The transput section of the Revised Report consists in a description
of the transput facilities in the form of near-Algol 68 code, intended
to serve as a precise reference of the intended programming interface
and also of the semantics of the several operations like print
or read
. The same technique is used to describe the standard
prelude.
Consider for example the mode channel
, which part of the
standard transput:
mode channel = struct (proc(ref book)bool reset, set, get, put, bi, compress, reidf, proc bool estab, proc pos max pos, ...)
The fields of values of mode channel
are not supposed to be
accessed by users. In fact, one may imagine a transput implementation
that uses different names for the fields, or a completely different
set of fields. Algol 68, however, doesn’t have secret fields.

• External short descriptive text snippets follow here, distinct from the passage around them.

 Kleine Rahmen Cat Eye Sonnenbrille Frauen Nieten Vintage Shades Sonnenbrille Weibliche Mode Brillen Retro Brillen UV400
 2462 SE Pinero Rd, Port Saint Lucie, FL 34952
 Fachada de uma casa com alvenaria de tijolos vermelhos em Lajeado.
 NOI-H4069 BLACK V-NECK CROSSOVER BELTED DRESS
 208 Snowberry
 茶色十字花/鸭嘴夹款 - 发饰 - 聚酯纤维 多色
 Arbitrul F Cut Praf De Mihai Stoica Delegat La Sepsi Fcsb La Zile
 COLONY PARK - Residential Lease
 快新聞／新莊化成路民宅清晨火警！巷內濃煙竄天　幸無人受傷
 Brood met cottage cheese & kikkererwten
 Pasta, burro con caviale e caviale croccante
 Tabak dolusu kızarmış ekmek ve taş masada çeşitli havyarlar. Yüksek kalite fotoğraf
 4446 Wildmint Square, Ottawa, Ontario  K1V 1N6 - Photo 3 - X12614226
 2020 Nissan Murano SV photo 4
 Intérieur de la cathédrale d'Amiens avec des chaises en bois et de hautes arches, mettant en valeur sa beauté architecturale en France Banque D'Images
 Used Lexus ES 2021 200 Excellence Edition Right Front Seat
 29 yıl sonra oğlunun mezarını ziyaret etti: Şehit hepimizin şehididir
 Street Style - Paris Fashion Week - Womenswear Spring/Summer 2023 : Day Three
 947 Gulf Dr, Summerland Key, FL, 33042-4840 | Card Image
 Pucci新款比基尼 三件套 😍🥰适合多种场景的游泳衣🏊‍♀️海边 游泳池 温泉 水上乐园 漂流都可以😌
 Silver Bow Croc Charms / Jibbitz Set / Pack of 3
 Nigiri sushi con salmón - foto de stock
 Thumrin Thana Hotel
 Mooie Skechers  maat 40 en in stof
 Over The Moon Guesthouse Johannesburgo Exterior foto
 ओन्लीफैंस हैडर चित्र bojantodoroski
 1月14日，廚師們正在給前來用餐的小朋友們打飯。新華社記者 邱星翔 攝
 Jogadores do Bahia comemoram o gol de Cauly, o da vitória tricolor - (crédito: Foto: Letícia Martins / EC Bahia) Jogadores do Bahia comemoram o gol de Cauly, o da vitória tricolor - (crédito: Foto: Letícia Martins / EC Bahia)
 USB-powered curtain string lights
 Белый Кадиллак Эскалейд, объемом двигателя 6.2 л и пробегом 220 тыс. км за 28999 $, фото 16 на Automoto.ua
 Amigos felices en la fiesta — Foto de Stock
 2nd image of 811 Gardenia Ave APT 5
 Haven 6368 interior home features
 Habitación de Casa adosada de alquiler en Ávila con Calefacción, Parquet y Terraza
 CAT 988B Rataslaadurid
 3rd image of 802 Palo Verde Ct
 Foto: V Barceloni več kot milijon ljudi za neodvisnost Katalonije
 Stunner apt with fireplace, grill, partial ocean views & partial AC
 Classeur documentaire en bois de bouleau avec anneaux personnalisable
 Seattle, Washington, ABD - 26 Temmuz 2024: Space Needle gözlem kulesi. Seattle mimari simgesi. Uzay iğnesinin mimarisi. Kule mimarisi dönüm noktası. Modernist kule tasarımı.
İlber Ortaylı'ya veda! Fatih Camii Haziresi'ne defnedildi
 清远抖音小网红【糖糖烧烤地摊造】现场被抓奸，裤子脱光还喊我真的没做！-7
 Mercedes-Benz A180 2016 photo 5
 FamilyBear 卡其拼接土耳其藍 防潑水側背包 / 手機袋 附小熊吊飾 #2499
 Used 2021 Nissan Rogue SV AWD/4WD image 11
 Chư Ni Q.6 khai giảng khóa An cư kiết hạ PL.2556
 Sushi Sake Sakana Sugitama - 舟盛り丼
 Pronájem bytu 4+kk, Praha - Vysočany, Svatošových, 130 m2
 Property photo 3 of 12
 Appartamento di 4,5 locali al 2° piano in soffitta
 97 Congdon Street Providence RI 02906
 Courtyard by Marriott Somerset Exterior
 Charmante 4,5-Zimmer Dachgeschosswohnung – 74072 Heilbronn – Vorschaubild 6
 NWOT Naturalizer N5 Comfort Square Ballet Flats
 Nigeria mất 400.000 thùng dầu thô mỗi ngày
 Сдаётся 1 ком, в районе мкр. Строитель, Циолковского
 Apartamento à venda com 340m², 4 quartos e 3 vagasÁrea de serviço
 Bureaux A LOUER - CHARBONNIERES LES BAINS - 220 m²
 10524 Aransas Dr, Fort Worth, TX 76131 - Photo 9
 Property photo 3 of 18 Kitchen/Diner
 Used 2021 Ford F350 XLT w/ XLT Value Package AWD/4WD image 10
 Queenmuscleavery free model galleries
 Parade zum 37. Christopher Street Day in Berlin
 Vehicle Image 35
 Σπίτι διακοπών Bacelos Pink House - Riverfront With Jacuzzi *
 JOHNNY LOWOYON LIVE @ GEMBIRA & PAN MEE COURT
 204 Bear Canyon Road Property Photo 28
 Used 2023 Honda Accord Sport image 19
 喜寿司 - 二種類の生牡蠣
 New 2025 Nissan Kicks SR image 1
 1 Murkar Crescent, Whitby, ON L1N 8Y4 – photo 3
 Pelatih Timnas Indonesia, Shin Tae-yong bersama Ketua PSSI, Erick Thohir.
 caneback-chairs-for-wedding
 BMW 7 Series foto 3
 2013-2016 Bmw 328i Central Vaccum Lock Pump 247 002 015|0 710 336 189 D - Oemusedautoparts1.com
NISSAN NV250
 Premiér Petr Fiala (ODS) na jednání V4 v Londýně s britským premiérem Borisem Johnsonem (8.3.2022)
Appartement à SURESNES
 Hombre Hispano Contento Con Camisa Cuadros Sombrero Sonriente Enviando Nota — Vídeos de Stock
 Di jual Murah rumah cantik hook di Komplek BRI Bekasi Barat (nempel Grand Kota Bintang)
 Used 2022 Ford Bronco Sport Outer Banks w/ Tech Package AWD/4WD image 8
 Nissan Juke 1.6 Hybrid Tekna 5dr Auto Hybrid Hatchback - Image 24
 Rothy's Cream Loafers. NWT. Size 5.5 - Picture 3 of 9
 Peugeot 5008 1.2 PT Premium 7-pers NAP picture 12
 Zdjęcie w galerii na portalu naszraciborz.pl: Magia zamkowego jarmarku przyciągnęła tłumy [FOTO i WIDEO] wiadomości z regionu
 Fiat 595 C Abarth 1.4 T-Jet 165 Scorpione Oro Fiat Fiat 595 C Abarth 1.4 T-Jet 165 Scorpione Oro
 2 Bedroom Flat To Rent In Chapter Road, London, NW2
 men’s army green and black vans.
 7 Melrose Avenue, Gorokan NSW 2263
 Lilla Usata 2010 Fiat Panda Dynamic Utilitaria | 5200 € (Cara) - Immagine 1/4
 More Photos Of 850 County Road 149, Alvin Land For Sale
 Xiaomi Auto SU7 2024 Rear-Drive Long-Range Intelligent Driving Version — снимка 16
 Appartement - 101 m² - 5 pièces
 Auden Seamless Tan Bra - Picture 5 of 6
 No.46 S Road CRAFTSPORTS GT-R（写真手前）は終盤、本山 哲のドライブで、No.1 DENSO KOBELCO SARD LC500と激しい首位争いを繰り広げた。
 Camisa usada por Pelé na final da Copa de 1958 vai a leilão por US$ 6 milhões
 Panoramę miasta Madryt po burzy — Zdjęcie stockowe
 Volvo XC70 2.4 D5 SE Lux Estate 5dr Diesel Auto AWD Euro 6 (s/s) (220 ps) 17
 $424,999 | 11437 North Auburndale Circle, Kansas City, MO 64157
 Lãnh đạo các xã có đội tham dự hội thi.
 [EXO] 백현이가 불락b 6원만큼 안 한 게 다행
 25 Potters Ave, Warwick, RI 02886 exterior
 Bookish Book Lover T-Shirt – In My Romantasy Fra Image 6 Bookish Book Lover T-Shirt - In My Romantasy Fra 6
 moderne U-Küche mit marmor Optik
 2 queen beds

In order to denote structure fields that-should-not-be-named, the
authors of the Report resorted to a clever syntactic trick: to precede
the fields names with a metanotion that produces an infinite number of
f
’s, which are obviously impossible to write. Something like:
A) F :: f, F ; F. a) unmentionable field : F tag.
In order to represent the productions of the metanotion F
in
the representation language, they chose the symbol Aleph, since it
represents an alepth-sub-zero number of f
s. Thus the mode
above would be written, using %
for Aleph:
mode channel = struct (proc(ref book)bool % reset, % set, % get, % put, % bi, % compress, % reidf, proc bool % estab, proc pos % max pos, ...)
The WG 2.1, however, didn’t appreciate the joke, and ended using some strange glyph in both Report and Revised Report to represent Aleph.